道を求めるというのは何を求めているんでしょうね?
「朝(あした)に道を聞かば夕べに死すとも可なり」という言葉があります。
人生というのが何のためにあるのかの道理さえ理解できれば、もうその日には死んでしまっても構わない、といった切迫した気持ちを表現した言葉だと思います。
紀元前500年といった古代中国の思想家、孔子の言葉を編纂した『論語』にある言葉ですが、人生というものが何なのかをどうしても知りたいという精神状態に至る人たちがいつの時代にもいたのでしょう。
同じ『論語』に「衣食足りて礼節を知る」という言葉があるように、そのような人たちはあり意味で衣食足りた人たちでもあったでしょう。
ただ生き延びるためというのでは納得がいかない、あるいはただ享楽的に生きることはできない、というタイプの心的エネルギーなのかもしれませんね。
もしかしたら、宇宙的生命エネルギーが過剰な心的エネルギーとなって放出されたとき、その収まりどころを求めた姿とも言えるのかもしれません。
人はなんのために生きているのか?
画家ゴーギャンが晩年タヒチで描いた作品につけたタイトル『われわれはどこから来たのか われわれは何者か われわれはどこへ行くのか』は宇宙生命そのものの声なのかもしれませんね。
今回ご紹介するGyanil Atsukoさんは、探求の旅の過程で何度目かに訪れたセドナからの帰りの飛行機のなかで涙が止まらなかったそうです。
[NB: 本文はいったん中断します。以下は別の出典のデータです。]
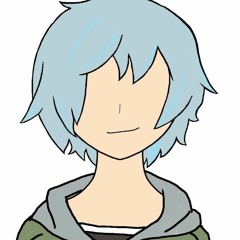 Kado Cloud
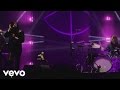 Zoé - Miel (Live 8.11.14)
人それぞれの探求の道があるとも言えるでしょうし、それらはすべて分離不可能なひとつの宇宙エネルギーが様々の人となって表現された形なのかもしれませんね。
ではGyanil Atsukoさんの記事「ユニティインスティチュート体験記『セドナハートの広大さに還る旅』」から、そのあたりに触れた部分をご紹介しましょう。
セドナの旅から戻って半年ほどになる。
そして、私は思っていた。
ほんとうにすばらしい旅だったけれど、今回の旅では驚くような変化がなかったなと。
けれども、今、セドナでの日々を振り返って、私は静かに驚いている。
意味があるとか、成果があるとか、どれくらい変わったかとか、これまで一生懸命に追い求めていたものを、今はそれほど気にしていないことに気がついた。
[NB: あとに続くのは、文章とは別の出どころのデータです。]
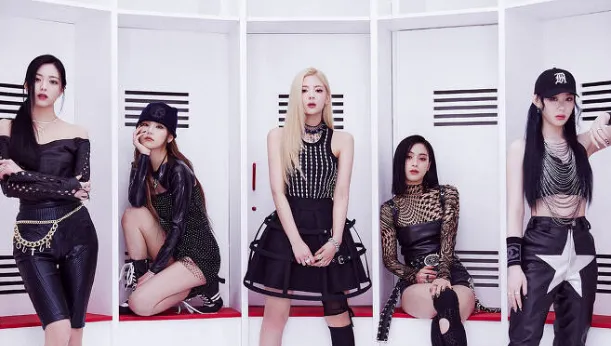 ¿ITZY sufre calumnias maliciosas y acoso sexual? La fuerte respuesta legal de JYP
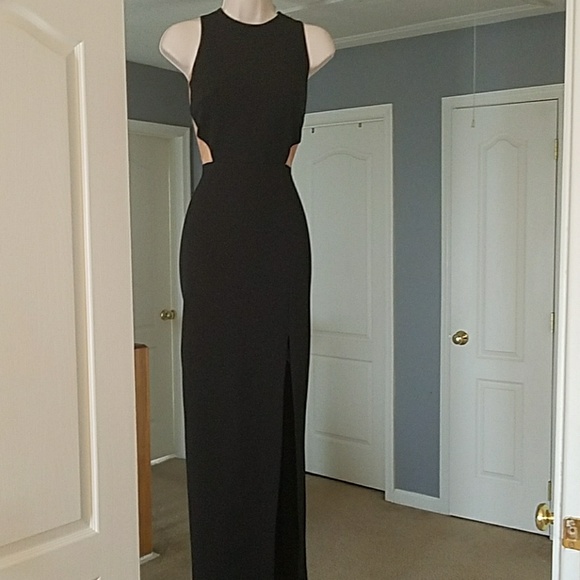 Dresses & Skirts - Sexy maxi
変わらなければ、という意識から開放されていることにさえ、私はまったく気がついていなかった。
もしかしたら、ほんとうの変化はきっと目には見えないのかもしれない。
それはたぶん、いつのまにか、あまりにも自然に起こるものだから。
変化がなかったということに、焦りを感じていなかった私は、もしかしたら以前とは大きく変化したのかもしれない。
私は、またセドナの地を訪れたいなと思っている。
そして、リーラとプラサード、そしてアルヴィナと、セドナのやさしい風を感じながら、もう一度キャンドルの灯りで、ディナーをともにしたいなと、ほんとうにそう思う。
けれども、それと同じ強さで、私はこうも思う。
私は今もセドナとともにある。
そして、3人の恩師は、いつもハートという広大なスペースのなかで、ともにくつろいでいる。
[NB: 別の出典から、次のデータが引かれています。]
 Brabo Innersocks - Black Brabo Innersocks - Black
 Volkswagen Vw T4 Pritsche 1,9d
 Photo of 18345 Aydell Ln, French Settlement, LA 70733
セドナからの帰りの飛行機のなかで、私は涙が止まらなかった。
サンフランシスコから、関西空港までの10 時間ほどのフライトのほとんどを、私は泣いて過ごした。
それは、寂しかったからでも悲しかったからでもない。
ものすごく愛されていると、感じたから。
この世界に生きていて、取引ではない愛を、体験することはどれくらいあるだろう?
プレゼンス~ただ、そこにともに在る~
サトルボディ・ヒーリングにおいても、繰り返し伝えられる、ハートの深みにある質。
物事を変えようとするのではなく、ただ、それがあるがままであることを許す。
そうすると、凝り固まっていたものが緩み、そこにスペースが生まれていく。
エネルギーを与えることも、奪うこともない中庸の状態。
それを体験することによって、変化するものは自然に変化していく。
「ユニティインスティチュート体験記『セドナハートの広大さに還る旅』」より
『リビング・エナジー』Vol.9(p109)
なにか落ち着くべきものが落ち着くところに収まっていく感じですね。
どんなエネルギーにもそれ自体が内蔵している軌跡があるのかもしれません。